Q: Speaking of which, you got to work with Frances the veteran actress and Amy the hot new talent. What was that like'
A: It was fantastic because they both had a lot of mutual respect for each other. Frances is a huge fan of Amy's acting and vice versa. And Frances, it's her movie, she's Miss Pettigrew and she leads from the top. She leads with such wisdom and wit and generosity that it's like we were all literally whistling our way to work. It didn't feel like work at all. You're getting up every morning and going 'Hey, I've got Frances McDormand, I've got Amy Adams.' People were hanging out on set way after we've called wrap at the end of the night.
Q: The characters of Miss Pettigrew and Delysia start off seeming like complete opposites, but come to realize they have more in common than they thought.

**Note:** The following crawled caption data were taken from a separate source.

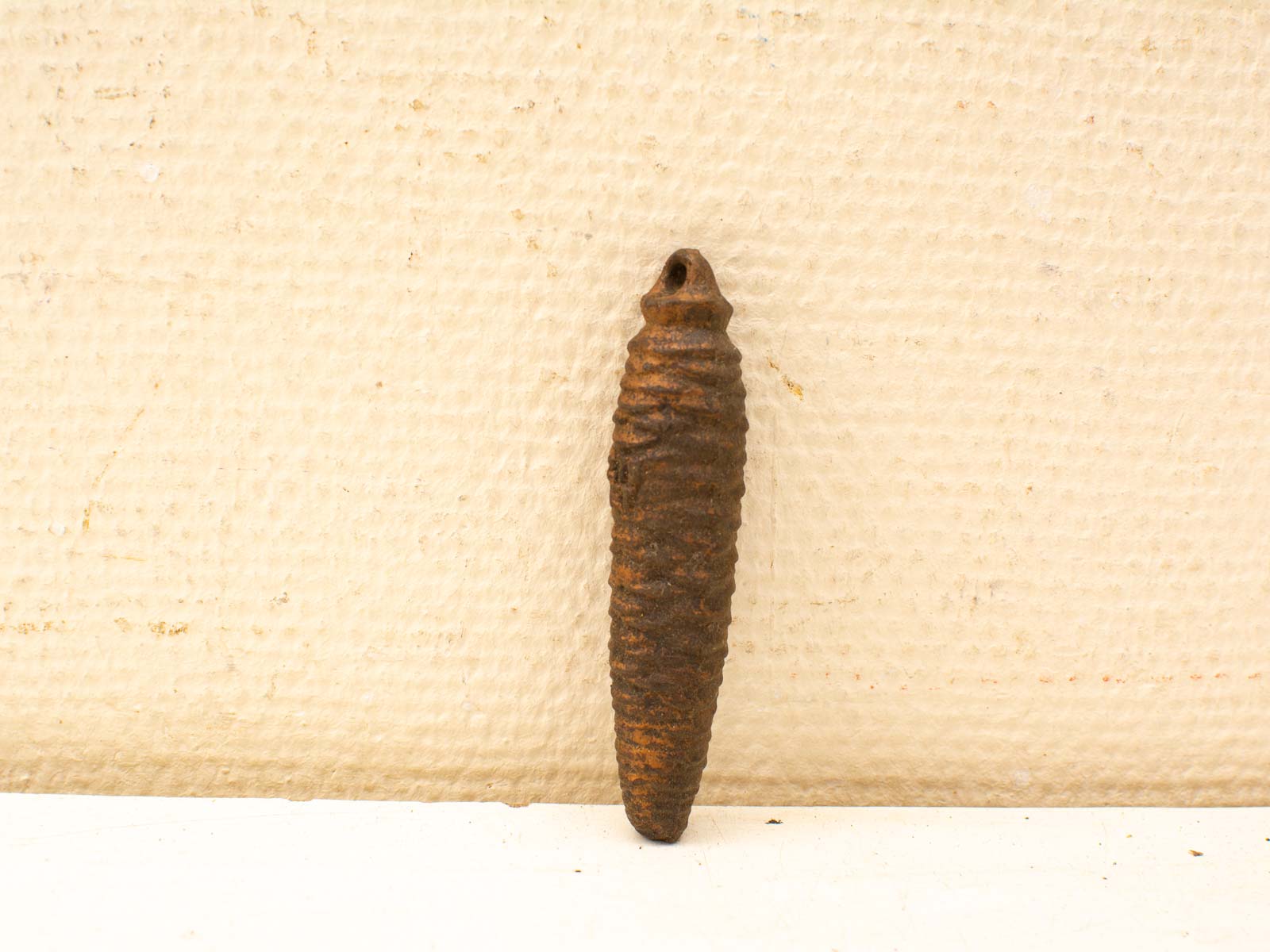 Rusty brown conical metal artifact with spiral ridges, perfect for collectors and home decor.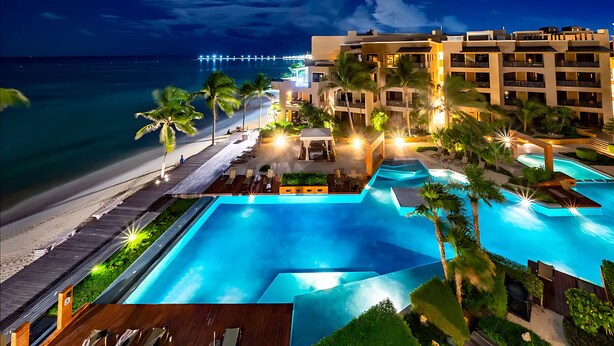 A resort with a large swimming pool, a beach, and a view of the ocean. - Beautiful and comfortable apartment in a condominium facing the sea (Playa del Carmen)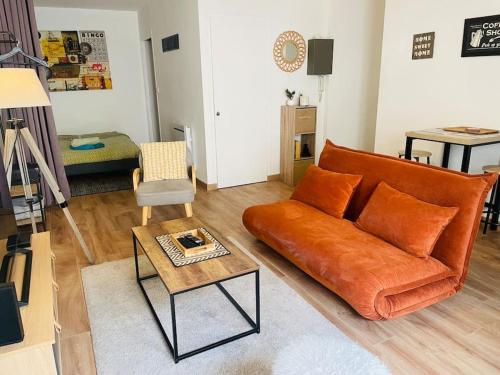un salon avec un canapé orange et une table dans l'établissement Bel Appartement Lumineux - 2 Voyageurs, au Mans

A: At the beginning, Amy has got kind of three boyfriends. She's not that likeable in a way and in lesser hands you'd probably want to slap her, but because it'd Amy Adams somehow she makes you fall in love with her and then you slowly realize that she's in a position where many women of that time were of having to make tough decisions about how you're gonna live your life. There's no support system, there's no social system, there's no family coming; you have to somehow work your way through life. And the moral of the film is follow your heart not your head. And I think that's the wisdom Miss Pettigrew imparts and you slowly realize that they are both very similar.
Q: As you mentioned, there are a lot of male love interests in this film. What was like working with the guys, like Lee Pace who plays Delysia's one true love Michael'
A: Lee Pace is like Jimmy Stewart, isn't he'
Q: Yes! I was thinking that exact same thing, actually.
A: He's so handsome which is utterly sickening for every bloke on the set. It's just like effortless charm because of his Texan demeanor. He's an absolute gentleman. He's a brilliant actor. He's got an innate confidence in him and somehow that comes across and his eyes are amazing, aren't they' So everyone falls in love with him. Everyone!
That was a great experience because I didn't really know his work. I watched Pushing Daisies and he's doing really well for himself. He's now off the Richter scale and that's Lee Pace on the launch pad and gone into hyperspace. I think he's one to just kind of grab coattails of now.
Q: What about Ciaran Hinds, who plays the love interest for Miss Pettigrew'
A: Ciaran Hinds is such a consummate actor, such a heavyweight. It's a hard role. He comes in and he's so light with what he does. You think he's giving you very little but he's giving you everything you need. And again, the most charming person ever really.
Q: This movie was a change of pace for you. How did you approach it in terms of style'
A: When you're making a movie about the tsunami you're looking for the dirt, the truth, the sweat, the pores and this is a film that's kind of, there's fakery going on, there's a sham in this world and underneath it there are real people that have forgotten. As a filmmaker it's fabulous when you get to make beautiful pictures.
Q: And speaking of beautiful, this movie even has a makeover scene for the dowdy Miss Pettigrew. But I liked that it wasn't overdone. She still looked like herself. Was this a conscious decision'
A: It was a very conscious decision to not go for the whole Pretty Woman thing. That was as much from Frances as it was from I. we wanted to keep it very real in a way and I think that really works. I think it's a very simple, subtle thing. But even for Miss Pettigrew's character that feels so huge, that little step
Q: So what can we expect next from you'
A:I tend to pick stuff that's about as opposite as I can to the last thing I did because I don't know what the dictionary word for it is, but I have a fear of pigeon-holing. So whatever it is, all I can say is it'll be completely different. I hope.